Though animals are continually evolving to adapt to their environment, it is hard to observe the process real time in the wild. Now, some international scientists have stumbled upon a unique group of West African dwarf crocodiles that may be in the midst of mutating into a new species.

The reptiles were first discovered in 2008 by Dr. Oslisly, an archeologist, who ventured into Gabon’s remote Abanda caverns in search of African artifacts. Instead, he stumbled upon a group of crocodilians living in a dark room filled with water. Curious to know more, he returned two years later – this time with cave scientist Olivier Testa and crocodile specialist Matthew Shirley in tow. When the team took a captured specimen outside the dark caverns, they noticed that it sported a bright orange exterior – something that has never been observed in the normally bluish-gray reptiles. Subsequent visits to this remote region, which can only be accessed by boat and requires an overnight stay in the forest, revealed thirty more crocodiles, ten of which were bright orange!

Orange cave crocodile alongside a forest-dwelling one (Photo Credit: Olivier Testa)

The researchers believe that while the younger inhabitants are able to easily move in and out of the intricate maze of caves, the bigger, older crocodiles have a harder time.
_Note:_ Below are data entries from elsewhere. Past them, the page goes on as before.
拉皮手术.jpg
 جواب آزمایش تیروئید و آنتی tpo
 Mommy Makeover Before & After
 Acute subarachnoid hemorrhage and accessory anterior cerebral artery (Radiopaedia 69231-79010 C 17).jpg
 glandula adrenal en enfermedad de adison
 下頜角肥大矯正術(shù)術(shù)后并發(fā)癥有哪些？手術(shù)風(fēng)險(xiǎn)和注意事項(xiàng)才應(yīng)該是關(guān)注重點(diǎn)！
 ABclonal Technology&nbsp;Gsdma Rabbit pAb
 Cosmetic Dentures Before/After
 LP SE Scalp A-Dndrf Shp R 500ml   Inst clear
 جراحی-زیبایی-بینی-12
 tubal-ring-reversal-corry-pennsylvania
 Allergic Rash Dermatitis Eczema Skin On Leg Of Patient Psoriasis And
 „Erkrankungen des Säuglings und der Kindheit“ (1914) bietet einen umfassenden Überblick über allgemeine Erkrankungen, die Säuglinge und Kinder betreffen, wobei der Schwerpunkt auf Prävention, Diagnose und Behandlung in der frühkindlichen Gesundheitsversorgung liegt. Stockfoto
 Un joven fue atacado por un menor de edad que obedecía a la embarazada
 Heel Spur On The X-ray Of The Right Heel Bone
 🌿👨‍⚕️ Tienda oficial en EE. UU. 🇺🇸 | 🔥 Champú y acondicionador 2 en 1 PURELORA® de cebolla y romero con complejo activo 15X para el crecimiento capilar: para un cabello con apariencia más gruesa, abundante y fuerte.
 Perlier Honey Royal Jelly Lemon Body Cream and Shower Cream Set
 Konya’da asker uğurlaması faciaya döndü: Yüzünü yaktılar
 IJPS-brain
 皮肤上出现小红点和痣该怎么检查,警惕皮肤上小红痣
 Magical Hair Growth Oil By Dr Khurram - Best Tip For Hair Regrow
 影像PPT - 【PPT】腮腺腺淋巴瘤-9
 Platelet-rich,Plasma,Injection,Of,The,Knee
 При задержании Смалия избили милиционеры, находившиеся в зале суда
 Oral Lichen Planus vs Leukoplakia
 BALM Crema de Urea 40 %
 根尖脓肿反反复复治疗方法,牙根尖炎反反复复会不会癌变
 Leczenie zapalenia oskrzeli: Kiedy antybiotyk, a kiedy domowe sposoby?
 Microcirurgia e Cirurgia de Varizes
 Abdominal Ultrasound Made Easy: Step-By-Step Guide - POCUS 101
They theorize that the concentration of bat droppings in the water, where the older reptiles spend most of their day, act as a bleaching agent, causing their gray skin to turn orange. However, thanks to the abundant supply of bats, crickets, and other cave critters, the imprisoned crocodiles are broader and healthier than their forest counterparts, who depend on fish and crustaceans.

While the crocodile’s external appearance and dietary habits were certainly intriguing, what was even more so was the DNA analysis, which suggests that they may be mutating into a different species from their forest relatives. The scientists came to this conclusion after noticing a haplotype – set of genes from one of their parents – that was present in the cave crocodiles but not in their forest cousins.

Orange cave crocodile alongside a forest-dwelling one (Photo Credit: Olivier Testa)

This discovery has led the researchers to ponder about the crocodiles’. Normally, forest-dwelling African dwarf crocodiles hide their eggs under a mound of fresh and rotting plant material. However, that is non-existent inside the caves. While the younger ones are able to venture outside to breed, the experts are not sure what happens as they grow in size. The two possibilities are that the reptiles either stop breeding or that they leave the caves during the breeding season – this means they may be just seasonal visitors to the cave.

As to why the reptiles frequent the caves in the first place? The scientists speculate it is probably the steady supply of food and to keep safe from their biggest predator – humans. The ferocious West African reptiles, who are currently on the endangered species list, are incessantly hunted by residents for their meat. Oslisly, who is now working to protect the orange mutating crocodiles by turning the area into a wildlife sanctuary, says the only reason they have survived is “because [the] local people are afraid to enter the caves.”